La domanda rivolta a Gesù risente dell’idea che la salvezza sia un traguardo da raggiungere e che, come avviene per le corse, sono pochi coloro che la portano a termine mentre molti sono quelli che si perdono per strada. In realtà Gesù è venuto perché tutti possano giungere alla salvezza la cui porta di accesso è la croce. Essa è stretta perché richiede la disponibilità a lasciare tutto per il Tutto. Lo sforzo a cui allude Gesù non sono i sacrifici che possiamo sostenere ma che alla fin fine li facciamo per noi stessi. Si tratta invece di impegnarsi a cambiare mentalità ed entrare nella logica dell’amore che trova in Gesù l’unico modello da imitare. La parabola racconta la triste sorpresa di chi alla fine rimarrà escluso dalla vita non perché vittima di un’ingiustizia ma in quanto unico artefice del suo fallimento causato dalla sua presunzione di salvarsi da solo e da sé. Il momento del giudizio rivelerà la verità del modo con il quale durante la vita abbiamo trattato il «padrone di casa». Infatti, la sofferenza subita dal Signore di vedersi trattato come un estraneo sarà vissuta nel medesimo modo da chi ha tenuto la porta del cuore chiusa alla sua Parola sebbene abbia rispettato formalmente tutti i comandamenti. Questo è il rischio di chi nasconde dietro una buona condotta pensieri egoistici e narcisisti. La barriera del pregiudizio e dell’abitudine a giudicare gli altri in base alle proprie idee impedisce di riconoscere la presenza di Dio e la sua azione, sicché invece di aprirci all’ascolto e all’aiuto ci si chiude al dialogo innescando meccanismi di contrapposizione. Possiamo stare anche gomito a gomito con gli altri ma nutrire sentimenti di disprezzo che annullano ogni forma di autentica comunione. La vera sfida è far entrare Dio in noi, se glielo permettiamo.
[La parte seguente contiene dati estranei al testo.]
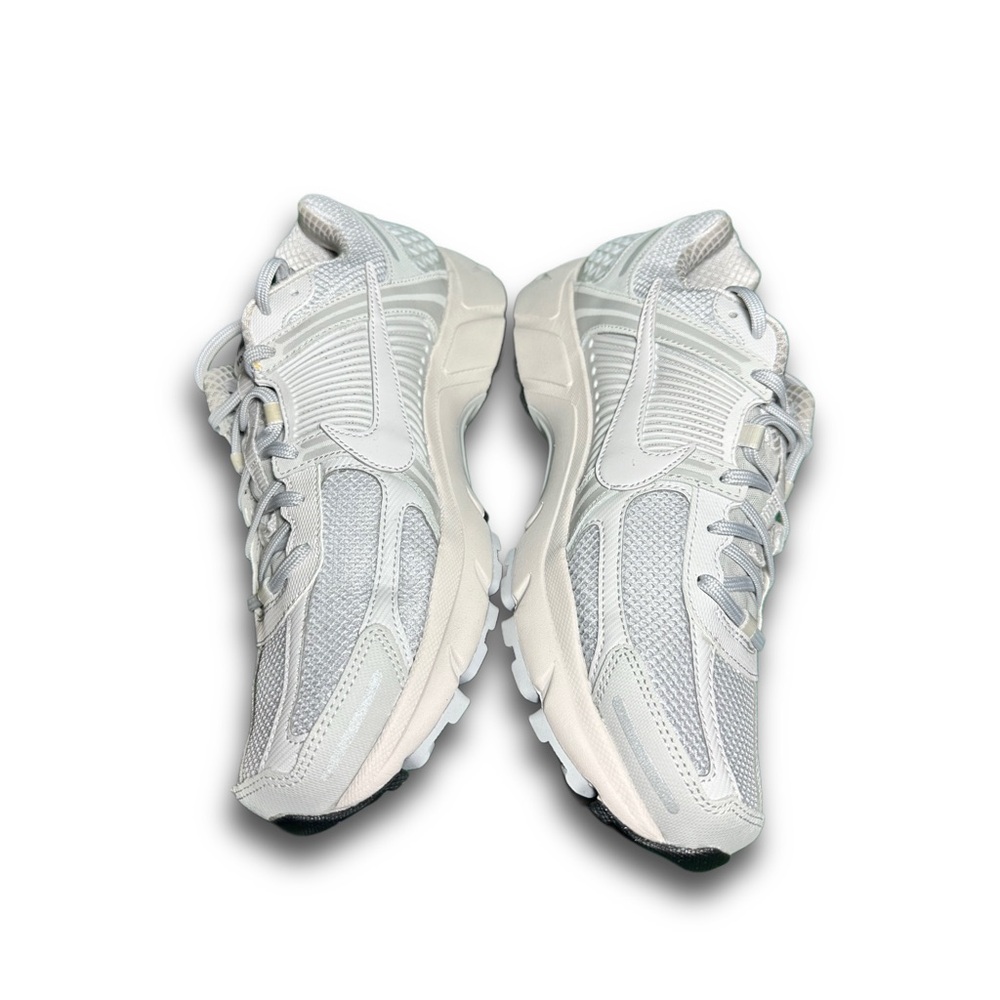 Size 12.5 - Nike Zoom Vomero 5 Men’s, Brand New - Picture 4 of 7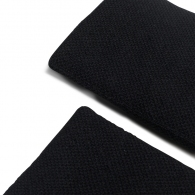 Напульсник Adidas TENNIS WB L thumbnav 4
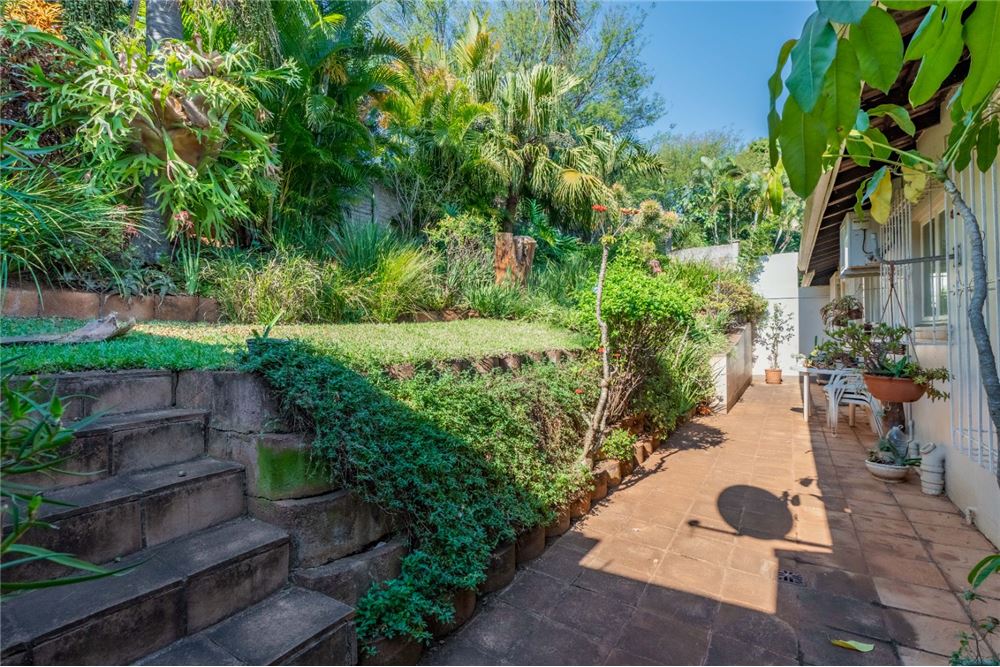 Residential - Townhouse - Sunningdale, KwaZulu Natal - South Africa - 49 - 1031465097-60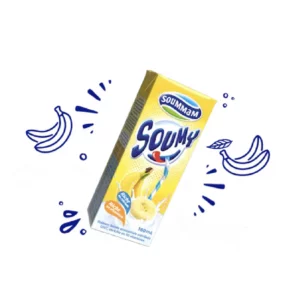 Soumy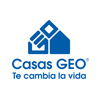 Casasgeo.com logo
Infatti, Gesù sembra voler dire che la porta del nostro cuore può essere aperta solo dall’interno a patto che sia divelto il chiavistello della presunzione di potersi salvare da sé.

Signore Gesù, che stai pazientemente alla porta del mio cuore e attendi di entrare, ti chiedo di donarmi il tuo Spirito perché siano scardinate le porte che impediscono di accogliere la Parola della Croce e così poter entrare nella logica dell’amore. Fa che possa liberarmi da ogni pregiudizio e offrire i miei pensieri, la mia volontà, i miei affetti e le mie azioni, le mie gioie e le mie sofferenze al Padre sì da essere capace di compassione e autentica solidarietà fraterna. Tu vedi gli affanni e gli sforzi della vita, dammi la grazia di comprendere se essi sono vani, perché ispirati dal narcisismo, oppure è la fatica di chi lotta con la tua grazia per conformarsi a Te e facendosi compagno di viaggio di chi, pur per strade diverse e spesso accidentate, risponde alla tua chiamata e si fa tuo discepolo.